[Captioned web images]
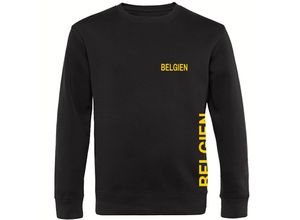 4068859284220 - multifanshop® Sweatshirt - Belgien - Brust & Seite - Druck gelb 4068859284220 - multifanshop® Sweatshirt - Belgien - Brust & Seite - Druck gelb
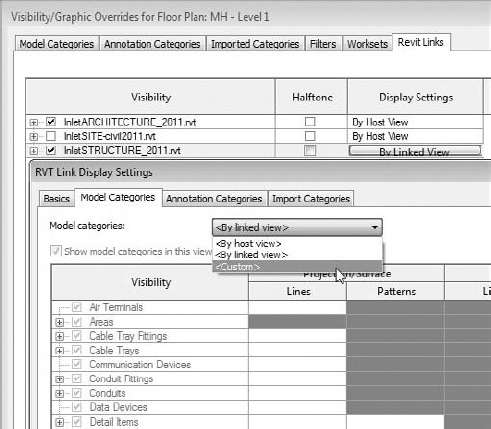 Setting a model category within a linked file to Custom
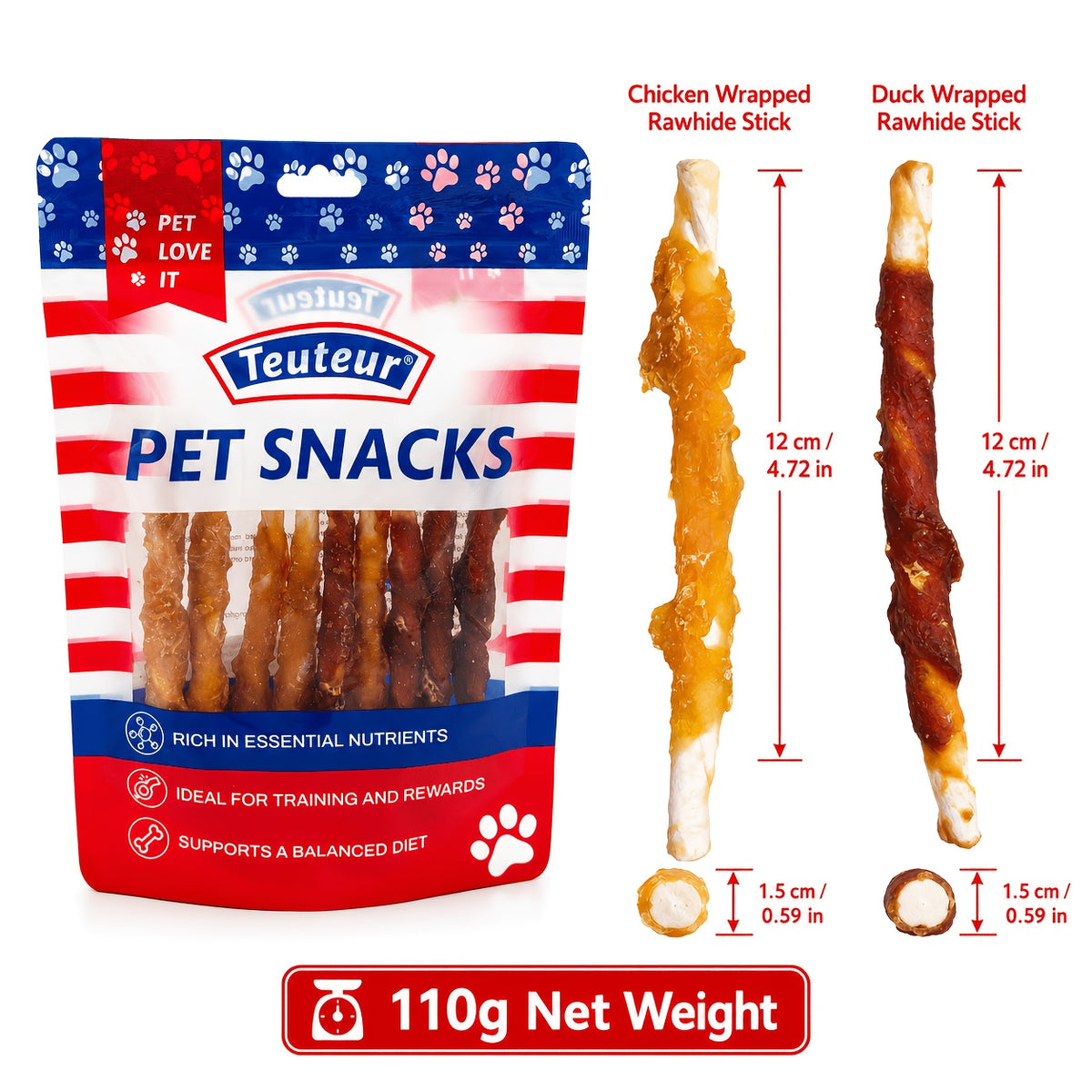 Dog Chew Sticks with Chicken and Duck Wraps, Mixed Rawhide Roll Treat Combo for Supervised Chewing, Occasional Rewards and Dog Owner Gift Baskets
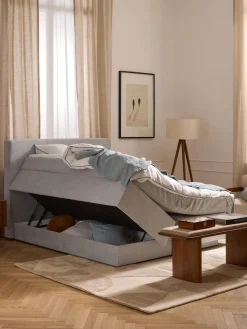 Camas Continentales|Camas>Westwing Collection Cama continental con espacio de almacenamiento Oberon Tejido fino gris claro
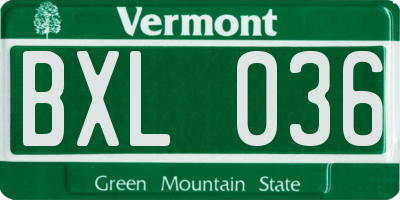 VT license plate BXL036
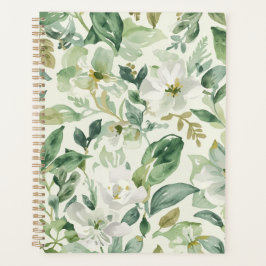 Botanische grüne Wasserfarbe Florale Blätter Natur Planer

> **WHAT TO PRODUCE**
Transcribe all records verbatim, no pictures.

> **RESPONSE**
 4068859284220 - multifanshop® Sweatshirt - Belgien - Brust & Seite - Druck gelb 4068859284220 - multifanshop® Sweatshirt - Belgien - Brust & Seite - Druck gelb
 Setting a model category within a linked file to Custom
 Dog Chew Sticks with Chicken and Duck Wraps, Mixed Rawhide Roll Treat Combo for Supervised Chewing, Occasional Rewards and Dog Owner Gift Baskets
 Camas Continentales|Camas>Westwing Collection Cama continental con espacio de almacenamiento Oberon Tejido fino gris claro
 VT license plate BXL036
 Botanische grüne Wasserfarbe Florale Blätter Natur Planer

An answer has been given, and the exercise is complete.